Raspberries Scratch & Sniff Sticker

January 31st, 2007

Raspberries Scratch & Sniff tchotchke sticker

This sticker was promo associated with the first Raspberries album. More than 30 years after its release, it smells like raspberries (chemicalized, of course). I’m not about to scratch it now because it’ll smell even stronger. A memorable and appropriate artifact from the embryonic days of power pop indeed.

raspberries.net/main.htm

Michael Stanley Band “Star Freshener” Hanging Air Freshener

January 31st, 2007
MSB Air Freshner Michael Stanley Band

Northern Ohio’s favorite rock group was all over the area in the early to mid-’80s, the heyday of the Michael Stanley Band. This is a SEALED air freshener from those days. Designed to mask unpleasant (and at times, perhaps illegal) car odors, the MSB Star Freshener is a period tchotchke almost as rare as the fabled Donnie Iris and the Cruisers air freshener.

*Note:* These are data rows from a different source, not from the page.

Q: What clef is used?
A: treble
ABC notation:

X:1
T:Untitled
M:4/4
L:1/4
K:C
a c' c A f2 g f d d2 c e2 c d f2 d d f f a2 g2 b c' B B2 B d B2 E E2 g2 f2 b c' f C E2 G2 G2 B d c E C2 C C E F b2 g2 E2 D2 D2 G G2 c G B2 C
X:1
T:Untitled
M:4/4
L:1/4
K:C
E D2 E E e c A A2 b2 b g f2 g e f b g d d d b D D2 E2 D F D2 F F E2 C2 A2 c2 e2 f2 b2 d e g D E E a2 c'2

michaelstanley.com/home.html

Dimensions of a Deal

January 23rd, 2007

My wife and I eagerly ventured into downtown Cleveland for a meal and entertainment Jan. 20. A man I know through table tennis invited us to share dinner with friends of his, and we ended up at a table at a Vietnamese restaurant. The company was good and fresh—and the bill, for all 10, was $106.13 (for my wife and I, the total was $26, including tip, because I had a glass of wine). Great food, great value. We’ve spent more on dinner for just us two.

After the meal, we went to a concert featuring several semifamous singer-songwriters. The tickets were $10. Imagine: a night on the town, including good food and a concert, for a shade over $50 (the $8 parking put it over the top). It can be done, which is amazing and heartening.

Too bad the performance was lame, particularly since I wanted to hear Guy Clark, Joe Ely, John Hiatt and Lyle Lovett, all acoustic, each with his guitar. Those $10 tickets got Karen and I seats one row below the top of the State Theater balcony. We could barely see the performers, though the acoustics eventually settled into adequate.

The show was maddeningly linear: Clark would sing a song in his Kristoffersonian voice, then Ely would overemote. Hiatt was the winner; his guitar was the most interesting, his writing sharp and vernacular. Lovett’s rounded tone was caramel, as usual, but his banter seemed strained.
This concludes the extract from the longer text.